If a concurrent hardware reset detaches the device and clears the present bit
before acquiring the vport_ctrl_lock to set np->vport = NULL, this thread
might pass the present check, block on idpf_vport_ctrl_lock(netdev), and
then dereference the newly set NULL vport once the lock is acquired.

Should the device presence check be moved inside the vport_ctrl_lock
critical section to prevent the NULL pointer dereference?

Simon says: This seems to be a legitimate concern.
            Which seems to further suggest that the problem
	    should be addressed by the caller.

>  	idpf_vport_ctrl_lock(netdev);

[ ... ]

> @@ -349,6 +352,9 @@ static int idpf_set_rxnfc(struct net_device *netdev, struct ethtool_rxnfc *cmd)
>  {
>  	int ret = -EOPNOTSUPP;
>  
> +	if (!netdev || !netif_device_present(netdev))
> +		return -ENODEV;
> +
>  	idpf_vport_ctrl_lock(netdev);

Would this be vulnerable to the same time-of-check to time-of-use race
mentioned above, since the present check is outside the lock?

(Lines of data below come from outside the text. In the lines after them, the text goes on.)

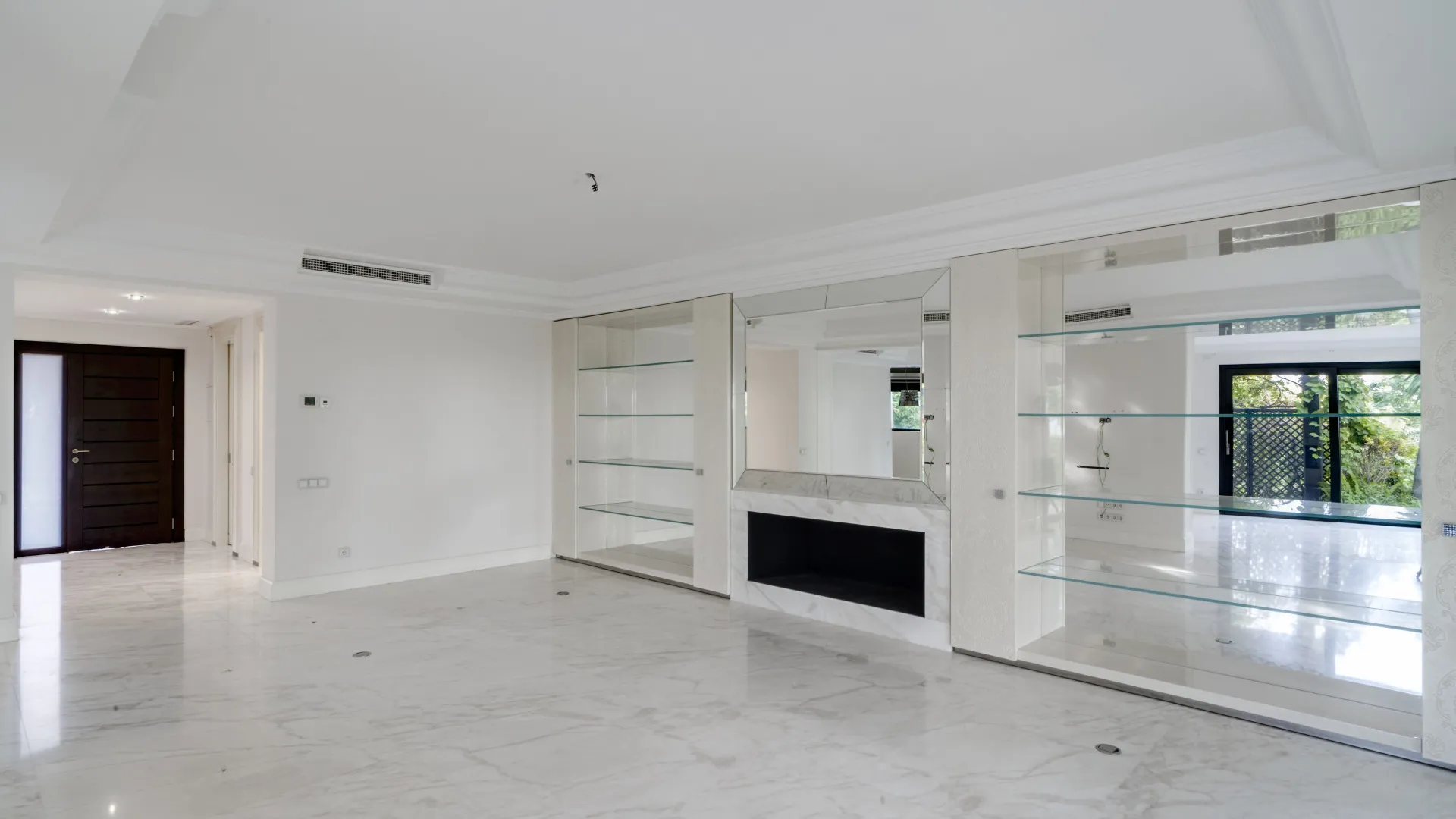 Villa a la venta en Las Lomas del Marbella Club de 6 dormitorios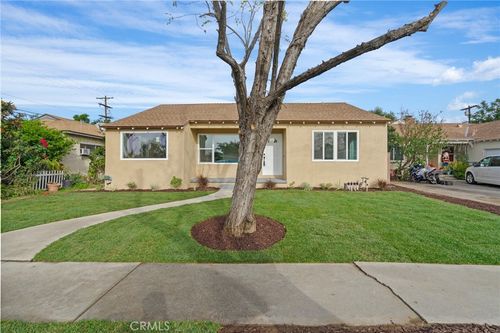 18725 Covello St, Reseda, CA, 91335-2746 | Card Image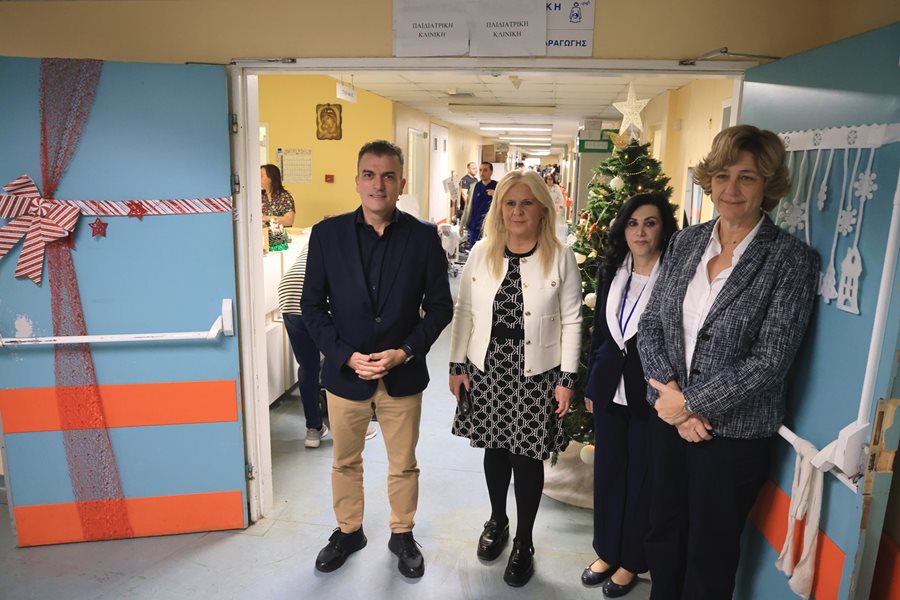 Στιγμιότυπο από την επίσκεψη του Δημάρχου Λαρισαίων στις Παιδιατρικές Κλινικές ΓΝΛ και ΠΓΝΛ
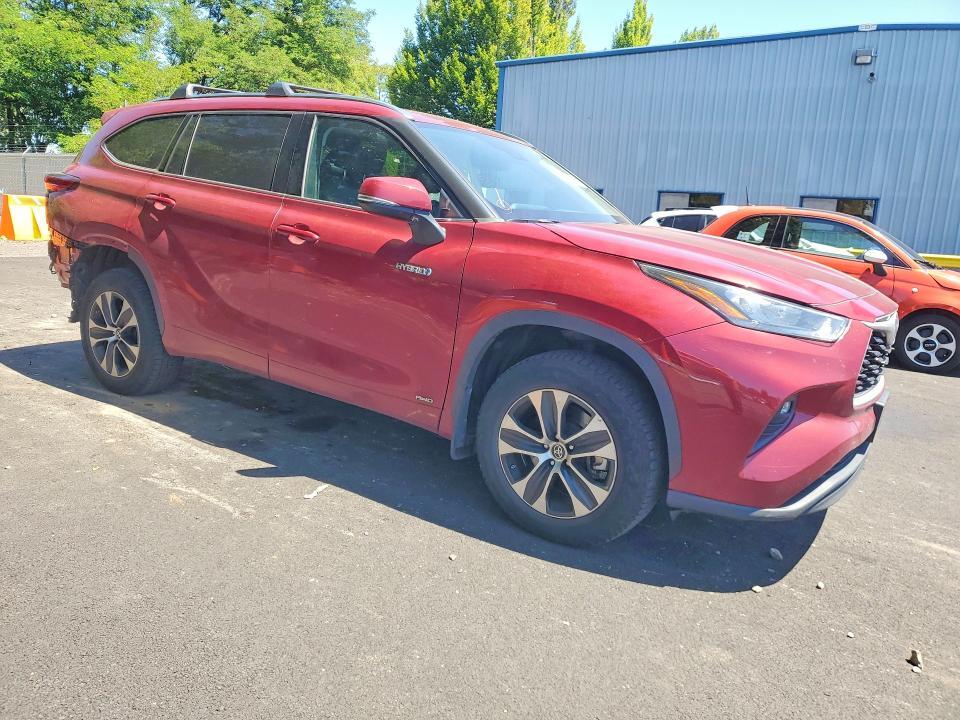2020 TOYOTA HIGHLANDER HYBRID XLE — Фото 4 из 12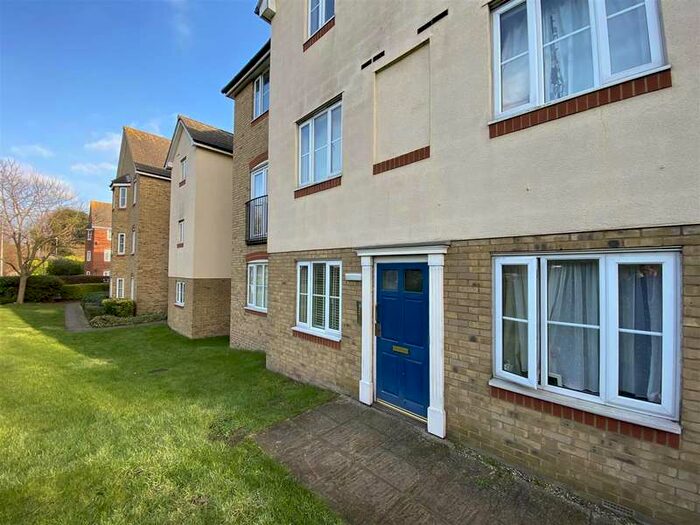 2 Bedroom Apartment To Rent In Covesfield, Gravesend, DA11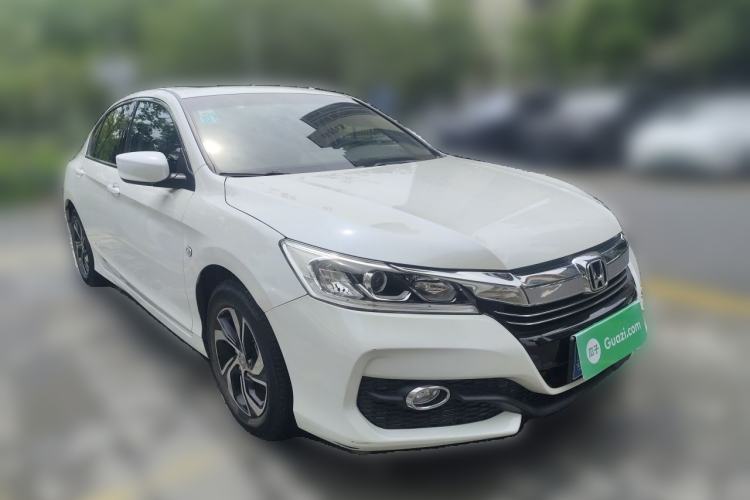 Used Honda Accord 2016 2.0L Elite Edition Front Right 45 Deg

Re: [Intel-wired-lan] [PATCH iwl-net v2] idpf: do not perform flow ops when netdev is detached

[Jacob Keller]

On 4/23/2026 9:33 AM, Simon Horman wrote:
> From: 'Simon Horman' <horms@kernel.org>
> 
> This is an AI-generated review of your patch. The human sending this
> email has considered the AI review valid, or at least plausible.
> Full review at: https://sashiko.dev
> ---
> idpf: do not perform flow ops when netdev is detached
> 
> This commit adds checks to prevent crashes when out-of-tree modules bypass
> ethtool core locks and call flow operations on detached netdevs during a
> hardware reset. It introduces netdev and netif_device_present checks in
> idpf_get_rxnfc and idpf_set_rxnfc.
> 
>> Even though commit 2e281e1155fc ("idpf: detach and close netdevs while
>> handling a reset") prevents ethtool -N/-n operations to operate on
>> detached netdevs, we found that out-of-tree workflows like OpenOnload
>> can bypass ethtool core locks and call idpf_set_rxnfc directly during
>> an idpf HW reset.
> 
> Is it acceptable to add defensive checks upstream solely to accommodate
> out-of-tree modules that bypass core kernel locking?
> 
> The core ethtool infrastructure manages locks like rtnl_lock for in-tree
> callers to guarantee safety. Modifying the upstream driver to paper over
> locking violations in out-of-tree modules might contradict upstream policies.
> 
> Simon says: If this is to address OOT module behaviour then I am concerned.
>             And I would suggest that the correct approach is to fix
> 	    the OOT kernel module.
> 

The commit message says: "OpenOnload can bypass ethtool core locks and
call idpf_set_rxnfc directly". But if it somehow calls
idpf_set_rxnfc_directly without holding the appropriate locks, then no
amount of changes to the idpf driver will fix that issue. It is simply
unsafe for that to be occurring, and this feels like it just patches one
specific problem without addressing the root cause that something is
calling the drivers ethtool function without correctly holding the
expected locks.


@Li Li, could you please explain more details about the workflow that
triggers these behaviors? If it can't be reproduced with in-tree modules
then I don't think we can accept this fix.